JAKARTA. Direktorat Jenderal (Ditjen) Pajak akan merevisi Peraturan Direktur Jenderal Pajak (PER) Nomor 03 Tahun 2017 yang mengatur soal Laporan Penempatan Harta Peserta Amnesti Pajak.
Dengan revisi tersebut, penyampaian laporan pengalihan dan realisasi investasi harta tambahan dan/atau penempatan harta tambahan tidak diwajibkan bagi Wajib Pajak (WP) Usaha Mikro, Kecil, dan Menengah (UMKM). Pengecualian pelaporan juga berlaku bagi WP yang harta tambahannya berada di luar negeri dan tidak dialihkan ke dalam wilayah Indonesia atau hanya deklarasi luar negeri.
Atas kebijakan itu, Ketua Umum Asosiasi UMKM Indonesia (Akumindo) Ikhsan Ingratubun mengaku menyambut baik. “Harta peralihan investasi tidak perlu dilaporkan. Ini keberpihakan kepada UMKM,” kata Ikhsan kepada KONTAN, Selasa (6/3).
Meski tak diwajibkan menyampaikan laporan penempatan harta pengampunan pajak, WP UMKM tetap wajib mencantumkannya dalam surat pemberitahuan pajak tahunan atau SPT. Selama amneti pajak, jumlah WP UMKM yang mengkuti pengampunan pajak sebanyak 431.000 WP dari total 972.000 WP yang ikut program tersebut.
Pengamat Pajak Universitas Pelita Harapan (UPH) Roni Bako menilai, secara teori, revisi dari beleid ini memang baik, tetapi dalam pelaksanaannya tidak akan mudah. “Sebab, WP yang tahu persis hartanya. Sedangkan Kantor Pajak Pratama (KPP) hanya menerima SPT yang telah disi WP. Masalahnya, apakah SPT tersebut telah diisi dengan benar? Hal ini yang akan bermasalah,” kata Roni.
Sementara itu Direktur Eksekutif Center for Indonesia Taxation Analysis (CITA) Yustinus Prastowo menyebut, revisi aturan ini ada celah kelemahan. Pasalnya UMKM sebenarnya ada yang skalanya cukup besar, tetapi omzet di SPT dikecilkan agar statusnya jadi UMKM.
“Seharusnya tetap lapor soal penempatan harta WP yang dimaksud, tapi disederhanakan saja.
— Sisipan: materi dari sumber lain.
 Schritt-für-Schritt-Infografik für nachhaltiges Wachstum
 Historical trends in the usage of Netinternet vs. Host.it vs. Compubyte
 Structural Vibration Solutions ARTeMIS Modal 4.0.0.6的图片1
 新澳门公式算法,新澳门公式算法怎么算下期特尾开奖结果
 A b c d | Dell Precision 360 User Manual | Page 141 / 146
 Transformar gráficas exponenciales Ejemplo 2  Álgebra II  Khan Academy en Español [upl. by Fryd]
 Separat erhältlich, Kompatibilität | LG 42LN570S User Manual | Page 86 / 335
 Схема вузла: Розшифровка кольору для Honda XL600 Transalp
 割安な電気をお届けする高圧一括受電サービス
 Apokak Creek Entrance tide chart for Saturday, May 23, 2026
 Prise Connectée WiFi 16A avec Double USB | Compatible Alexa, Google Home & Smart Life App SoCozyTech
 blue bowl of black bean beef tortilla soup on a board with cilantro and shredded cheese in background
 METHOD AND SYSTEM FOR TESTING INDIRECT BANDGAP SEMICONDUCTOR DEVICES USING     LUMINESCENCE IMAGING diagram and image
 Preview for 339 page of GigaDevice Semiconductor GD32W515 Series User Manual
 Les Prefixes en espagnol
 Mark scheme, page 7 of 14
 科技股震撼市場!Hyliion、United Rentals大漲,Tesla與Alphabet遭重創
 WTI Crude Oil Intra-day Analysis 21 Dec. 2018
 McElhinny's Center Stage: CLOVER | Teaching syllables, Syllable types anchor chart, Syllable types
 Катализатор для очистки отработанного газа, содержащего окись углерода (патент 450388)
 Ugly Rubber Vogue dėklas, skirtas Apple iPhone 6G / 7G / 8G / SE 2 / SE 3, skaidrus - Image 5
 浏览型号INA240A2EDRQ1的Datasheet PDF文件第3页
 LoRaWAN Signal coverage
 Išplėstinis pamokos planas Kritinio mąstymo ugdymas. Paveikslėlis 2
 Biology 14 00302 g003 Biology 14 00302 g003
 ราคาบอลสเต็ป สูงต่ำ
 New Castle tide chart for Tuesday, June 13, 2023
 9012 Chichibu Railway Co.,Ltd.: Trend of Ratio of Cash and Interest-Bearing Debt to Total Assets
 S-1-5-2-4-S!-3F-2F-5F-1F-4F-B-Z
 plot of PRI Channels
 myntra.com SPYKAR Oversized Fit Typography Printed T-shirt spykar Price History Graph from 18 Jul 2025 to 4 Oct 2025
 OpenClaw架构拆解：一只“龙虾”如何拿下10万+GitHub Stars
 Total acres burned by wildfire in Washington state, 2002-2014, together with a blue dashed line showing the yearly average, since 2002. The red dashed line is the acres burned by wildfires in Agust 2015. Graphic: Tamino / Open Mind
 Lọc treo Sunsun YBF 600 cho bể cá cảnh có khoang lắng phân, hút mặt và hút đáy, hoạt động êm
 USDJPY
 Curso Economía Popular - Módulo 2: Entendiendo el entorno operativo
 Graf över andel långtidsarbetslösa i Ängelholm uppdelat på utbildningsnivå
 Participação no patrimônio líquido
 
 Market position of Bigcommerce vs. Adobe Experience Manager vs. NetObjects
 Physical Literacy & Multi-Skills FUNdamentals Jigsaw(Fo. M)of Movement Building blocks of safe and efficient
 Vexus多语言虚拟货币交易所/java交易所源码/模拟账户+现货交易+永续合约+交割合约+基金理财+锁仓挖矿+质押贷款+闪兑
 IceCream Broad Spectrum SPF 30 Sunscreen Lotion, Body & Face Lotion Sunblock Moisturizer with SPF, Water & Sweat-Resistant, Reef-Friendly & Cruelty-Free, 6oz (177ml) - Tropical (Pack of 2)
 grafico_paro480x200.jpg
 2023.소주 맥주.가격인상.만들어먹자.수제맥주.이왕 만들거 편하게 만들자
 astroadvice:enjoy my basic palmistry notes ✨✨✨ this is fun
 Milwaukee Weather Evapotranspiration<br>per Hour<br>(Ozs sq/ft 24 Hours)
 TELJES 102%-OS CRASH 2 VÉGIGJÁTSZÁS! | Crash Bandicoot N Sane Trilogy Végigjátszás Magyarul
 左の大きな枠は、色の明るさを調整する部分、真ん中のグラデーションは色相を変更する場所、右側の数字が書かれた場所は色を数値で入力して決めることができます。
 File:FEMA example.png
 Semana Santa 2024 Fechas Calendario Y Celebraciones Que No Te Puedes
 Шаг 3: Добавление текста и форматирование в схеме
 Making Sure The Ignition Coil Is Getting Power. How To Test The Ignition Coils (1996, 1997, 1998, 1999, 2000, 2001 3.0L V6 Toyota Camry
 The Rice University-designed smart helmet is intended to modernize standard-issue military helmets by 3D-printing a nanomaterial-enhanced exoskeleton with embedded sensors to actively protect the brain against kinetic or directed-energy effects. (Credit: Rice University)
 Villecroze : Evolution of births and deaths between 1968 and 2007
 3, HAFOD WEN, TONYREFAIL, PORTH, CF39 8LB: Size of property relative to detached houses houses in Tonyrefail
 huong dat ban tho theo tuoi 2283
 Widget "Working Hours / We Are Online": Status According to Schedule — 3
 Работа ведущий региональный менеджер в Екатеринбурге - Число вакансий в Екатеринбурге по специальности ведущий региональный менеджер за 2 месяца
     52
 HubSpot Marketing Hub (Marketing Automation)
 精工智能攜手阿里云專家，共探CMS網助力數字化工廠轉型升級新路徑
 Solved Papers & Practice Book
Aturan ini menjadi tidak ideal karena ada yang namanya UMKM semu. Apalagi yang deklarasi luar negeri juga tak perlu lapor, mereka kalah dengan WP karyawan,” ujar Yustinus. Menurutnya revisi ini tidak selaras dengan tujuan amnesti pajak.
Staf Ahli Menteri Keuangan Bidang Kepatuhan Pajak Suryo Utomo mengatakan, niat Ditjen Pajak merevisi aturan ini adalah ingin memastikan siapa-siapa saja yang wajib melaporkan penyampaian laporan pengalihan dan realisasi investasi harta tambahan.
“Jadi kami mau klarifikasi dan balik ke Undang-Undang (UU) bahwa yang wajib melaporkan penempatan harta adalah WP yang menggunakan tarif 2%, 3%, dan 5%, atau kalau di luar negeri, yang tidak wajib dilaporkan berarti gunakan tarif 4%, 6%, dan 10% saat amnesti pajak,” jelasnya.
Dalam amnesti pajak, tarif tebusan 2%, 3%, dan 5% diberikan bagi WP yang repatriasi ke dalam negeri dan deklarasi dalam negeri. Sedangkan tarif 4%,6%, dan 10% untuk deklarasi harta di luar negeri.